Plötzlich rief der Geistliche mit aller Kraft seiner Lunge in den Lärm hinein:
»Lobet den Herren, den mächtigen König der Ehren! – Nun singt! – Aber herzhaft!«
Und sie sangen. Triumphierend, mit gewaltigem Klang erscholl das alte, hehre Lob- und Danklied, die Töne stiegen und schwollen und schienen die Grundfesten des Gebäudes zu erschüttern. Tom Sawyer, der Pirat, blickte um sich, sah aller Augen auf sich gerichtet und fühlte, daß dies der stolzeste Moment seines Lebens sei.
Als die Gemeinde die Kirche verließ, meinten alle, von Herzen gerne würden sie sich noch einmal zum besten haben lassen, nur um ›Lobet den Herren‹ wieder so erhebend singen zu hören.

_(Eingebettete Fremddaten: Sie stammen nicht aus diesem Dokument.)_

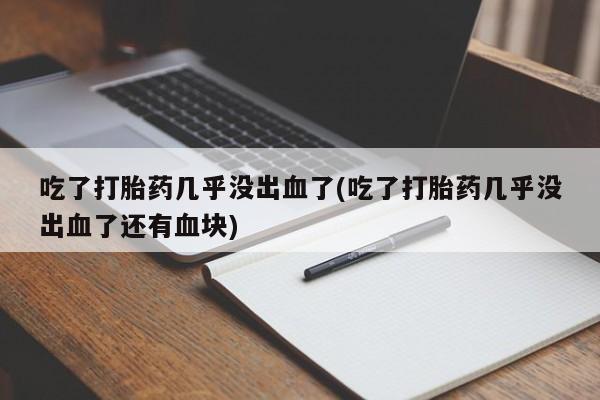 私下打胎药在线购买，吃了打胎药几乎没出血了(吃了打胎药几乎没出血了还有血块)
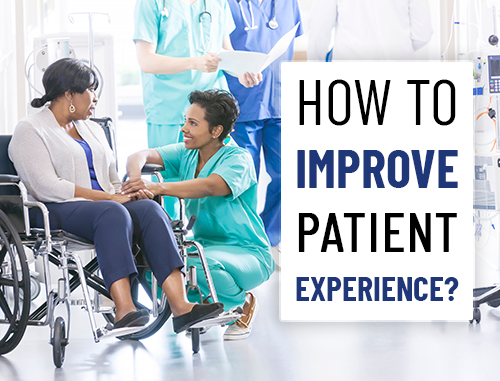 How to improve patient experience?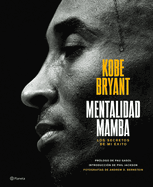 Mentalidad Mamba: Los Secretos de Mi ?xito / The Mamba Mentality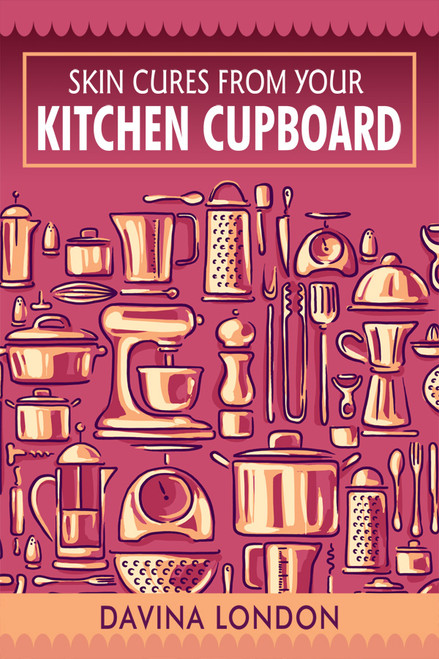 Skin Cures from Your Kitchen Cupboard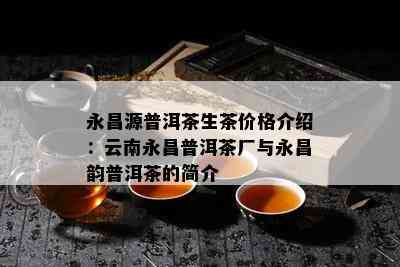 永昌源普洱茶生茶价格介绍：云南永昌普洱茶厂与永昌韵普洱茶的简介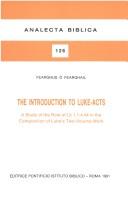 Cover of: The introduction to Luke-Acts by Fearghus Ó Fearghail, Fearghus Ó Fearghail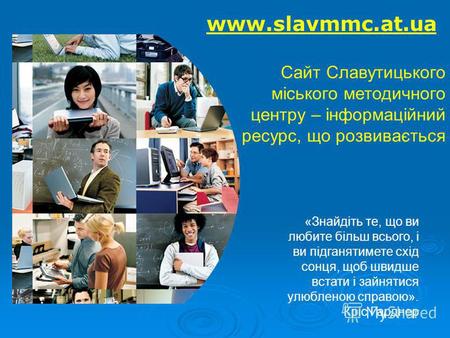 Www.slavmmc.at.ua Сайт Славутицького міського методичного центру – інформаційний ресурс, що розвивається «Знайдіть те, що ви любите більш всього, і ви.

Das also war Toms großes Geheimnis gewesen: der Plan, mit seinen Spießgesellen heimzukehren und ihrem eigenen Trauergottesdienst beizuwohnen. – Auf einem alten Baumstamm waren sie abends nach dem Missouri-Ufer geschwommen, fünf oder sechs Meilen unterhalb des Städtchens gelandet, hatten in dem Walde, der die Stadt begrenzte, beinahe bis Tagesanbruch geschlafen, dann sich durch einige Seitengäßchen zur Kirche geschlichen, wo sie in der Empore ihren Schlaf vollendeten, inmitten eines Chaos von wackligen alten Kirchen-Bänken.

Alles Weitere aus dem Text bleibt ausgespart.